**PROBLEM TO WORK ON**
Reproduce only the lines below from the line containing "Enclosure - Image 5" to the line containing "International 9200 Brown", exactly as written, with both end lines kept. Omit the pictures.

**STUDY MATERIAL**
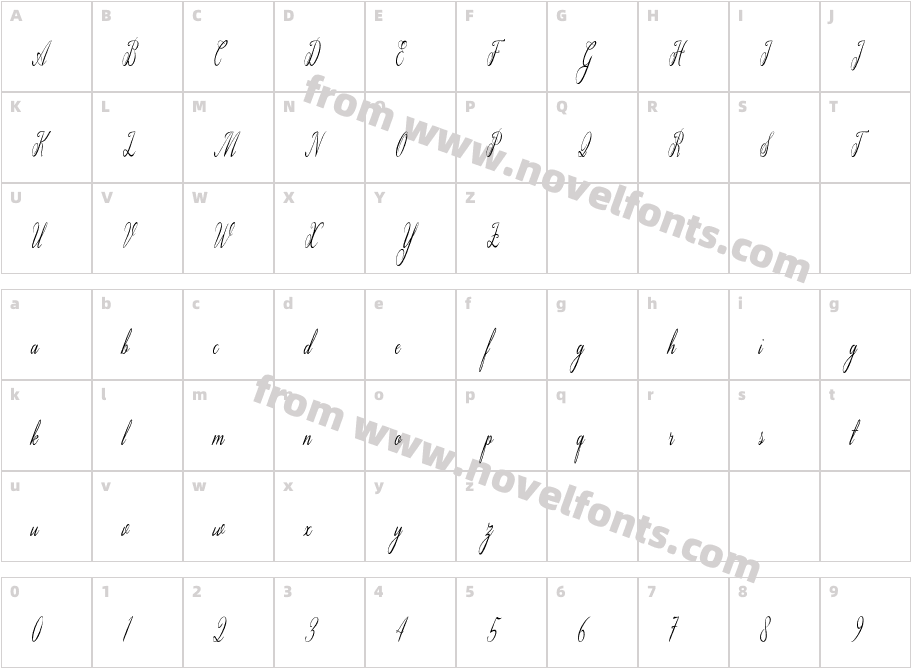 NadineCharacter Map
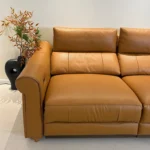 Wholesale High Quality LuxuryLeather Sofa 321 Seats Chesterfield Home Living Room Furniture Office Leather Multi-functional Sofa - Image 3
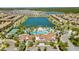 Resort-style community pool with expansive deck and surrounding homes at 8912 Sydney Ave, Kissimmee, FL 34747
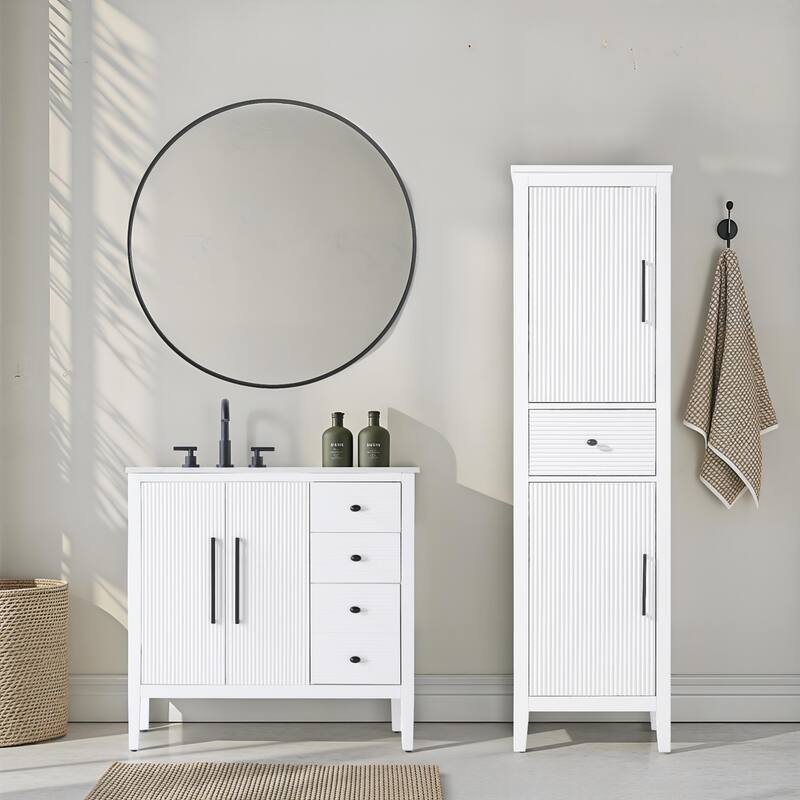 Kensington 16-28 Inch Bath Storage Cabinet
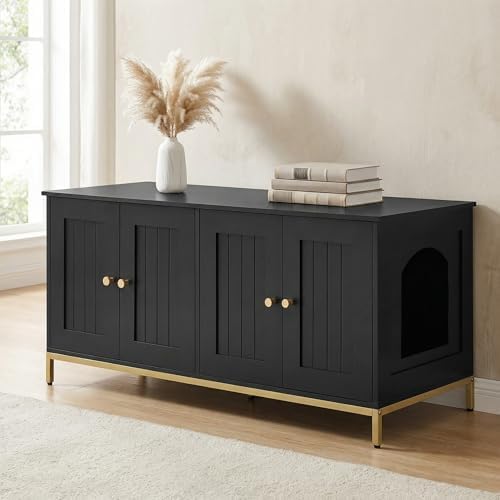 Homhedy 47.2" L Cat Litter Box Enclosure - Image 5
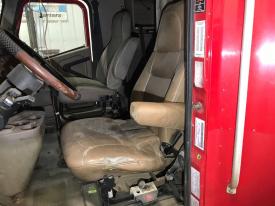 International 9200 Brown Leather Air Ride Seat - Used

---

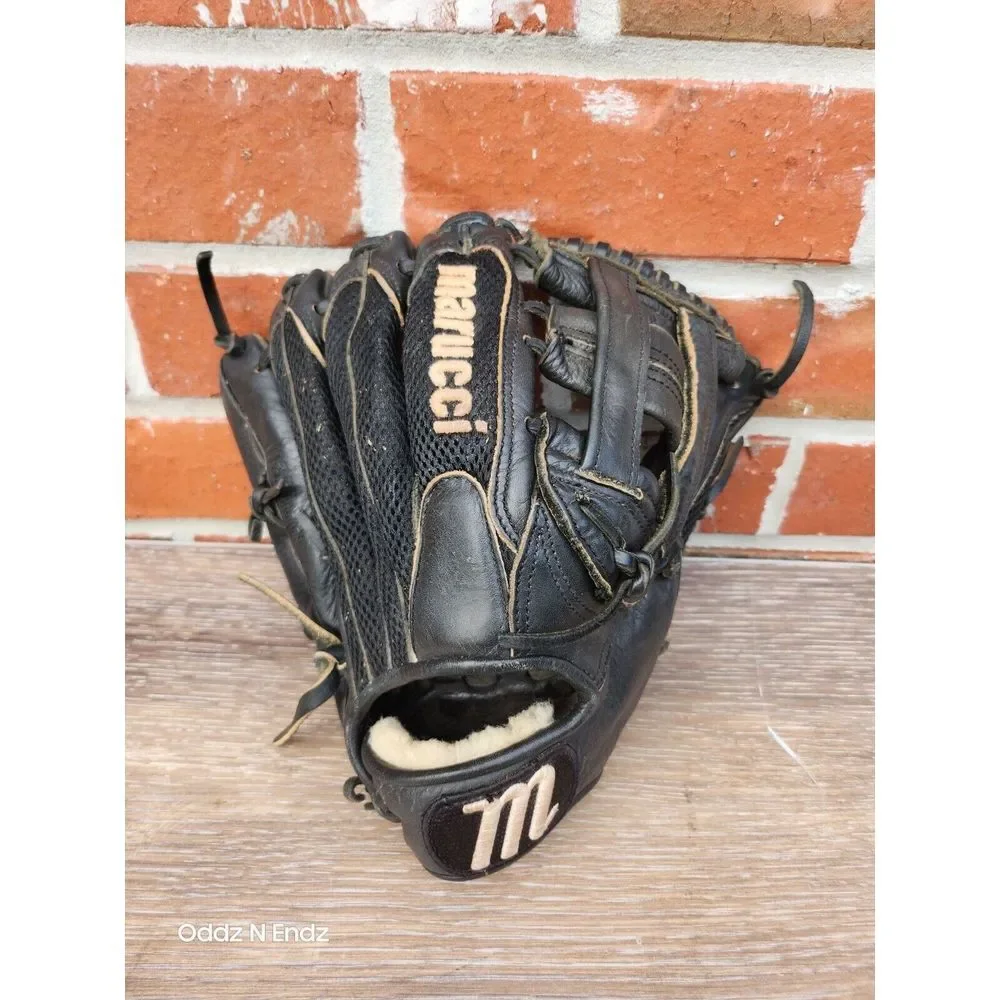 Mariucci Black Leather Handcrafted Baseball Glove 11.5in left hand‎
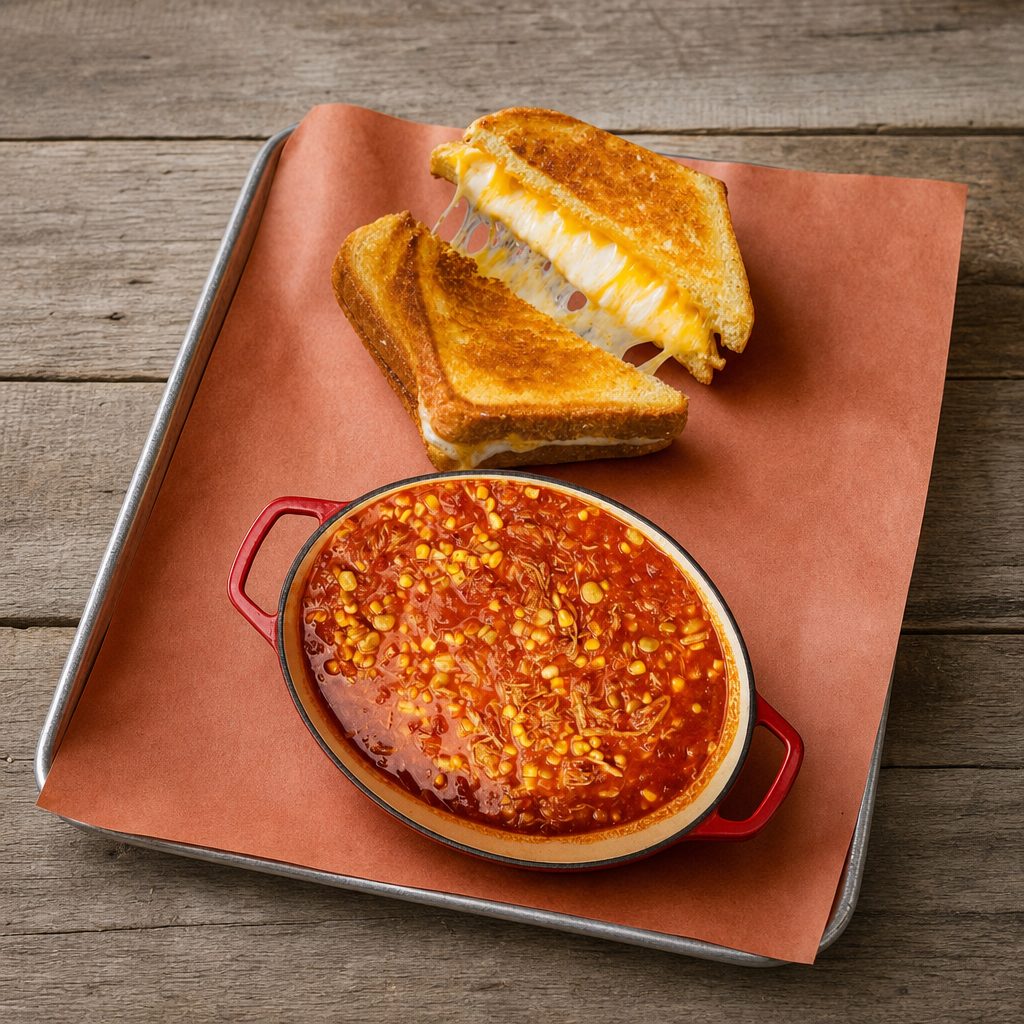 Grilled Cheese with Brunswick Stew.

--

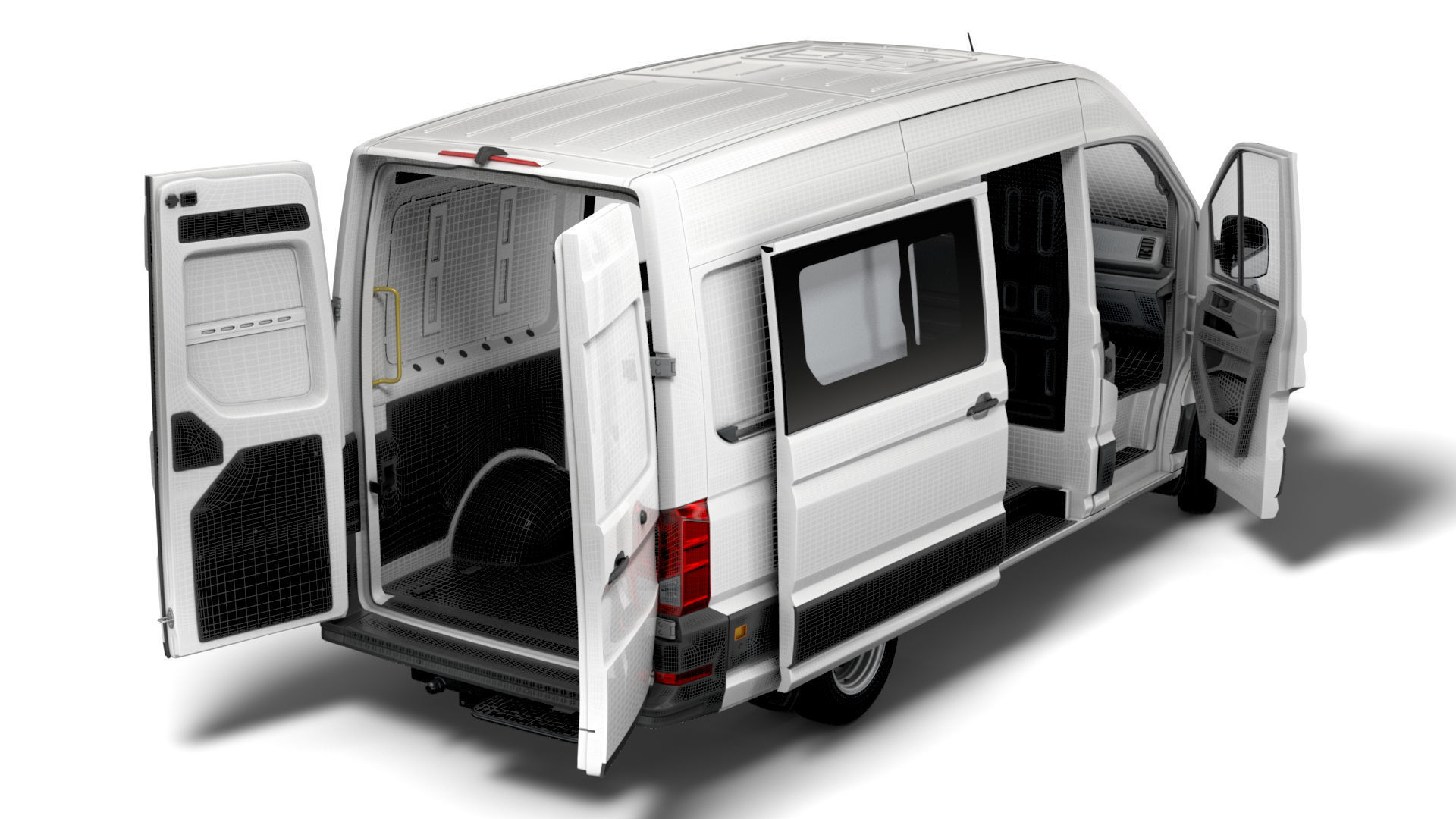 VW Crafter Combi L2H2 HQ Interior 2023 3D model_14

**EXERCISE SOLUTION**
 Homhedy 47.2" L Cat Litter Box Enclosure - Image 5
 International 9200 Brown Leather Air Ride Seat - Used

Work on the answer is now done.